En algunas regiones del país, tener encuentros sexuales con burras forma parte de la idiosincrasia de los adolescentes, lo que resulta tan natural como la masturbación en los citadinos, en la novela “Tierra caliente” (1979), Jorge Salvador Aguilar, describe técnicas para excitar a las burras frotándoles el lomo con un palo cubierto de espinas, humaniza a los animales de carga y les da el mismo trato que a una amante: “…he aprendido muchas cosas sobre ellas [las burras], podría decir que ya casi me he hecho un experto. Ahora sé que las chiquitas son más difíciles que las grandes, porque se niegan como cualquier señorita y se te echan al suelo teniéndolas que levantar a base de puras fuerzas; que es preferible hacerlo seguido con la misma, porque se llegan a encariñar con uno y entonces se portan más mansitas, y a veces hasta te buscan”.
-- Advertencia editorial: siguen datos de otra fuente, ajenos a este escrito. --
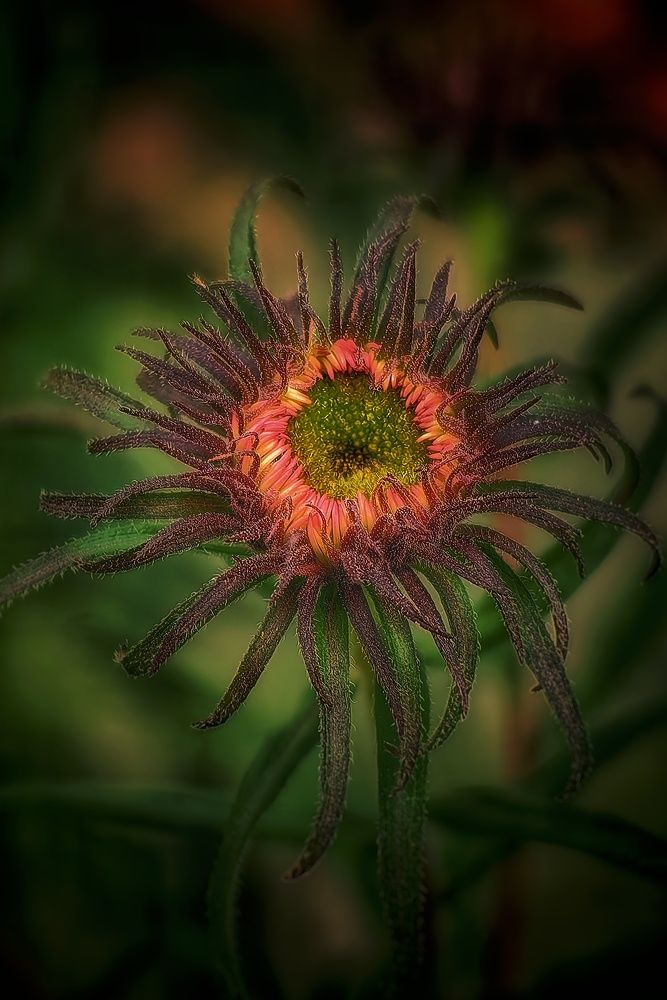 Photograph by Татьяна Бравая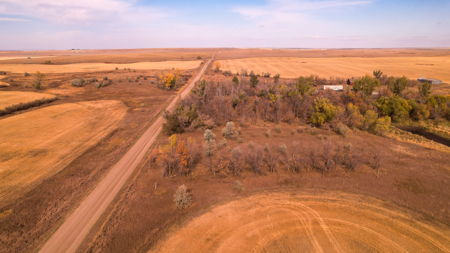 Prairie Pheasant Farm | Froid, MT - image 21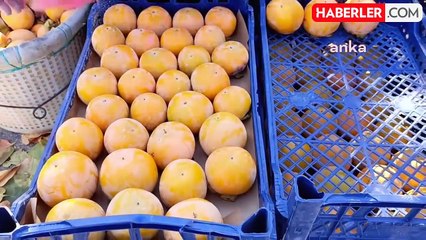 Mersin'de Cennet Meyvesi Hasadı Başladı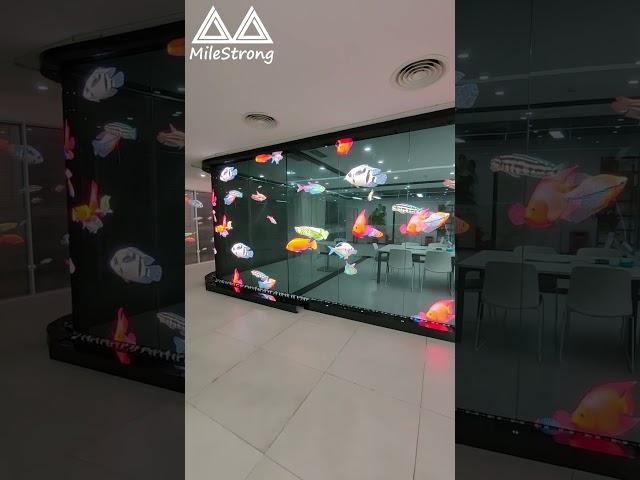 Flexible Transparent Holographic LED Display Screen for Showroom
En este breve recuento no podía faltar el perro, el mejor amigo del hombre y la mujer. El premio Nobel de literatura, Camilo José Cela, en su relato “Canis futuens”, del libro “Cachondeos, escarceos y otros meneos” se hace una pregunta filosófica: “¿A qué conduce follar con canes habiendo cristianos o, en el peor de los casos, turistas y forasteros?” y luego narra la historia de Pepa la del Perico quien terminó fundida con un perro en “indisoluble lazo” porque al animal no se le bajaba la hinchazón, y el padre de la muchacha le cortó al perro el carajo con una lezna de zapatero para “vengar la perdida honra de su hija.” Reinaldo Arenas, antes de describir sus encuentros con perros relata sus aventuras con la fauna cubana: “Creo que siempre tuve una gran voracidad sexual. No solamente las yeguas, las puercas, las gallinas o las guanajas [guajolotes], sino casi todos los animales fueron objeto de mi pasión sexual, incluyendo los perros. Había un perro que me proporcionaba un gran placer; yo me escondía con él detrás del jardín que cuidaban mis tías y allí lo obligaba a que me mamara la pinga; el perro se acostumbró y con el tiempo lo hacía voluntariamente”.
En la Biblia aparecen múltiples amenazas para quienes se procuran placeres con los animales, pero al parecer son muchos los creyentes que a las Sagradas Escrituras le hacen el mismo caso que al reglamento de tránsito, y olvidan la terrible sentencia divina: “Cualquiera que tuviere ayuntamiento con bestia, morirá.”